__Work to complete__
Print the listing below only from the line that has "Cafe Junkie - Hentai" through the line that has "Personalised We Love", exactly, and drop any picture.

__Excerpted data__
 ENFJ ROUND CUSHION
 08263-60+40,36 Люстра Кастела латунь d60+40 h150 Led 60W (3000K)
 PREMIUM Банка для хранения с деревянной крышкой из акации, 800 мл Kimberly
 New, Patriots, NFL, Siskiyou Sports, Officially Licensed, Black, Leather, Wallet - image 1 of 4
==
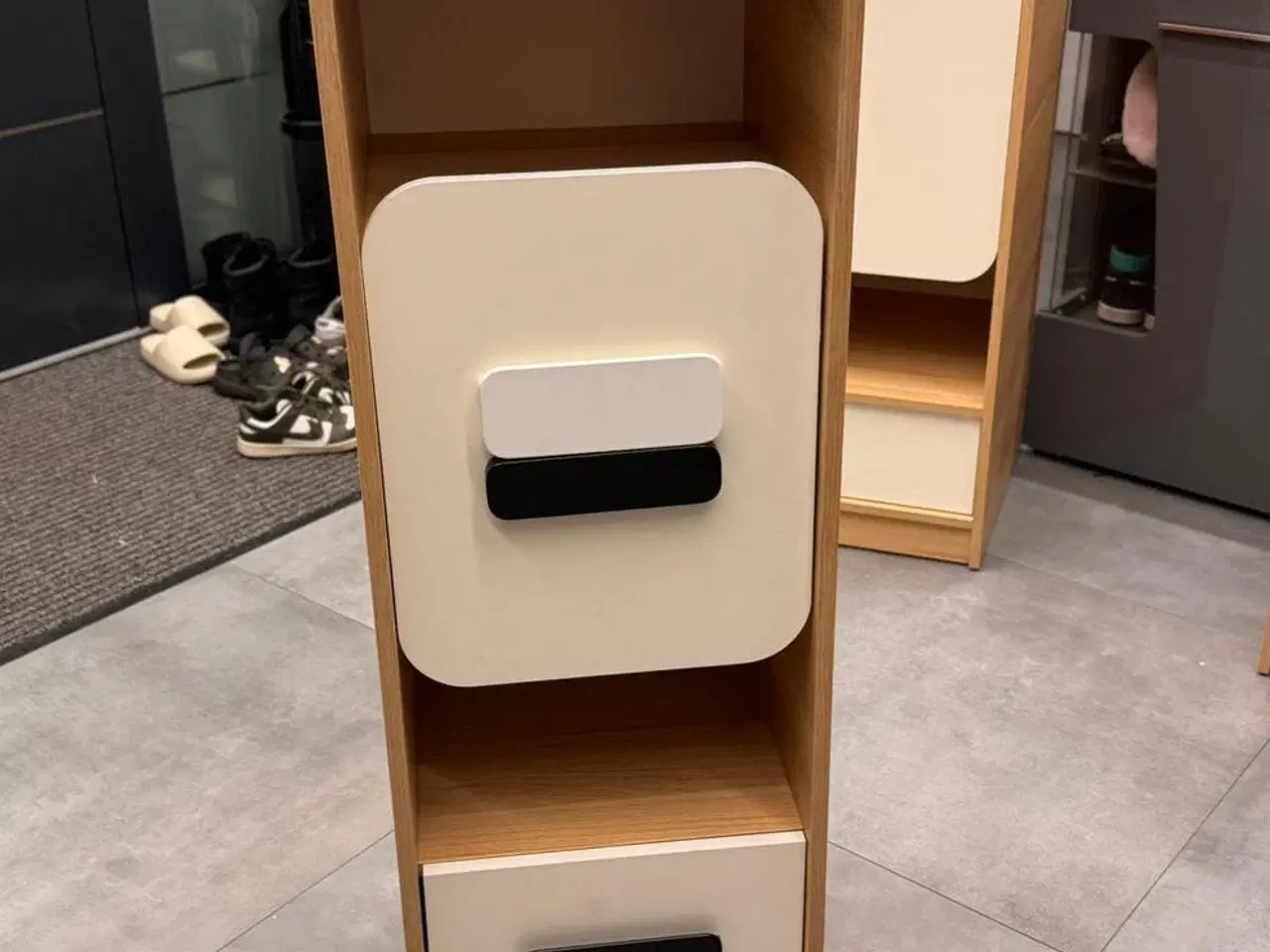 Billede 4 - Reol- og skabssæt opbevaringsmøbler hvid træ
--
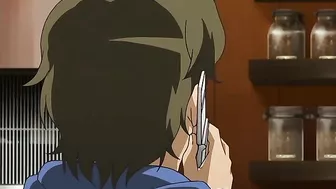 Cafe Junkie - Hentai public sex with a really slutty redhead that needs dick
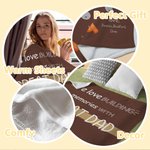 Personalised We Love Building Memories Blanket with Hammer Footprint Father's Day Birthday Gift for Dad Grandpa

__Response for this exercise__
 Cafe Junkie - Hentai public sex with a really slutty redhead that needs dick
 Personalised We Love Building Memories Blanket with Hammer Footprint Father's Day Birthday Gift for Dad Grandpa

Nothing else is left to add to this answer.